[CVPR24 Vision Foundation Models Tutorial] Video and 3D Generation by Kevin Lin
bilibili: https://www.bilibili.com/video/BV12T421e7TG
In this talk, I will provide a brief review of recent advancements in video and 3D generation. Diffusion models have made significant advancements in recent years, especially for video generation. The results, as seen in the slides, are quite impressive. Progress has been made from low to high resolution video, extending from very short, four-second clips to one-minute-long videos, while preserving the correct identity and maintaining 3D consistency. An important takeaway from the SORA research is that researchers have found that developing a video generation model is a very promising path toward building a general-purpose simulator.
For the physical world, here is the outline for today's presentation. We will start by introducing the development of video diffusion models, followed by several key observations in the latest video generation research. Next, we will discuss some rapidly growing topics this year. Firstly, an important and exciting topic is developing a training-efficient approach for building video diffusion models. Secondly, we will also explore accelerating video diffusion inference, focusing mainly on few-step diffusion distillation for the video diffusion model. Lastly, we will cover topics related to generating diverse video content, such as long video generation, video editing, and 3D generation. A representative task in video generation is creating video from text, commonly referred to as text-to-video or T2V. Given an input text prompt as shown in the slide, the goal of video generation is to produce a video that accurately represents the provided text description. This is related to the previous discussion on text-to-image generation. One significant challenge, or the main difference, is addressing coherent and consistent visual element generation across the temporal dimension.

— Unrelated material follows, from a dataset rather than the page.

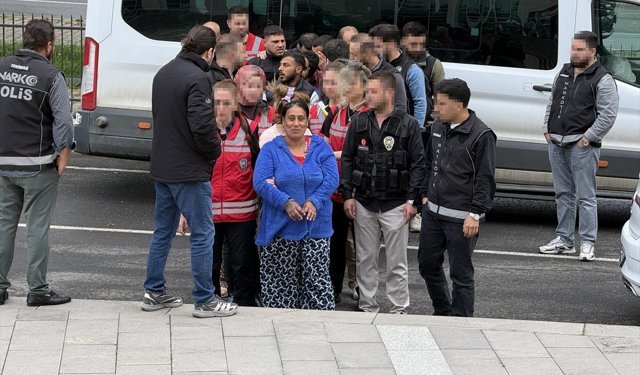 Tekirdağ'da uyuşturucu operasyonunda yakalanan 16 zanlı tutuklandı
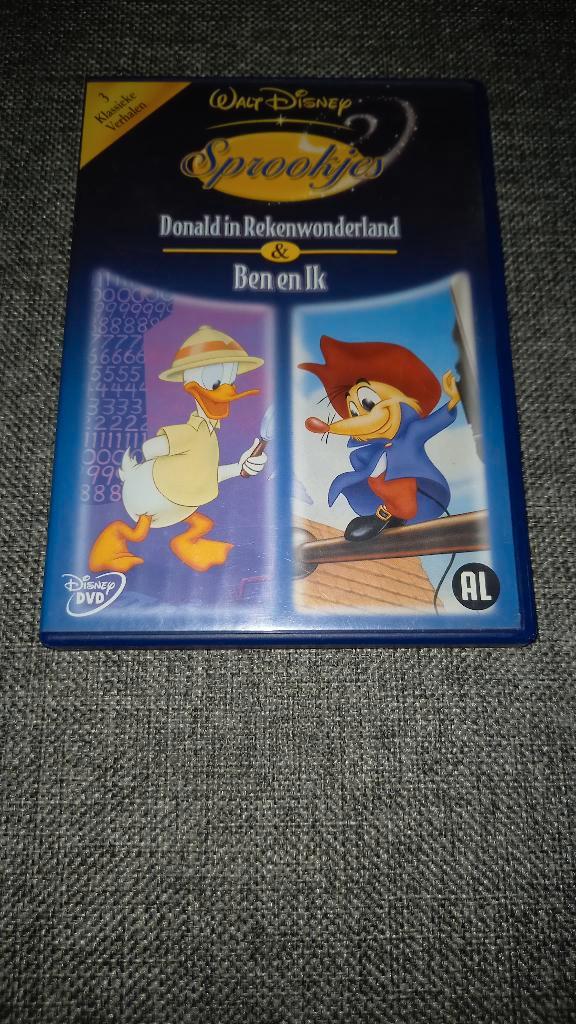 DVD Walt Disney Sprookjes, Cd's en Dvd's, Dvd's | Tekenfilms en Animatie, Gebruikt, Ophalen of Verzenden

To address the challenge, particularly in the temporal dimension, researchers have discovered that inflating the UNet in the image diffusion model to 3D is a promising approach. This method provides several advantages. Firstly, it allows the use of a well-pre-trained text-to-image generation model for initialization and further training. Secondly, by incorporating additional temporal attention layers, the model can train both the UNet and the newly introduced parameters, enabling it to effectively model object motions.

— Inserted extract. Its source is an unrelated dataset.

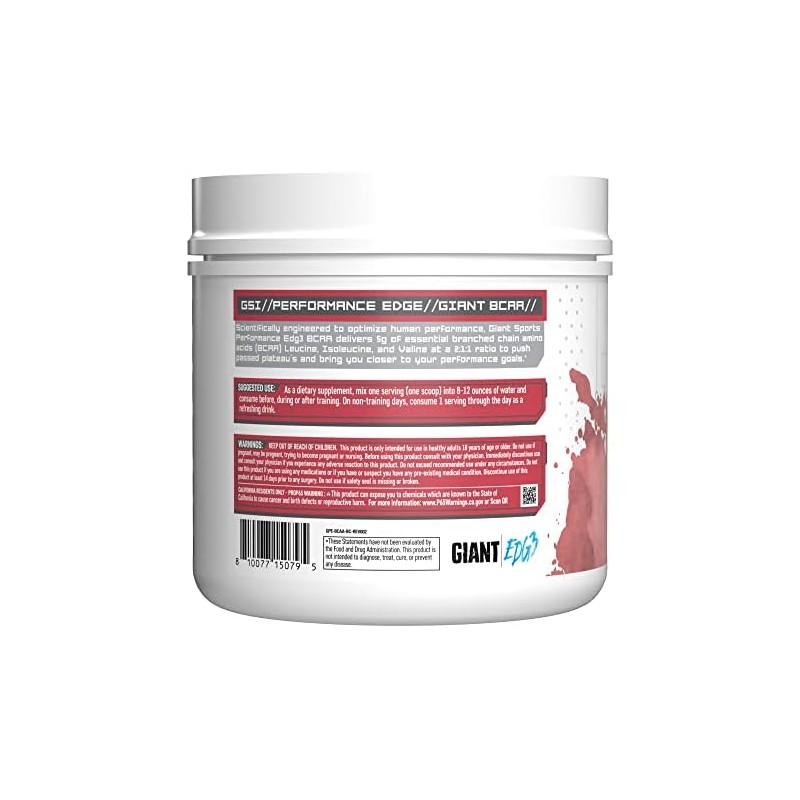 Giant Sports Performance Edge Series BCAA 60 Serving (Black Cherry,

So, here, this is an example that demonstrates how researchers enable the transition from the pre-trained text-to-image model to the temporal dimension. We can see that each spatial 2D convolution layer is followed by a temporal 1D convolution layer, and the temporal convolution layer is initialized as an identity function. Given this modification, we further train the model using text-video-pairs data to learn video generation. This is about extending the convolution.
To the temporal dimension, we also apply temporal attention layers. These layers follow the spatial attention layers. The temporal attention layers are initialized with a temporal zero projection, resulting in an identity function.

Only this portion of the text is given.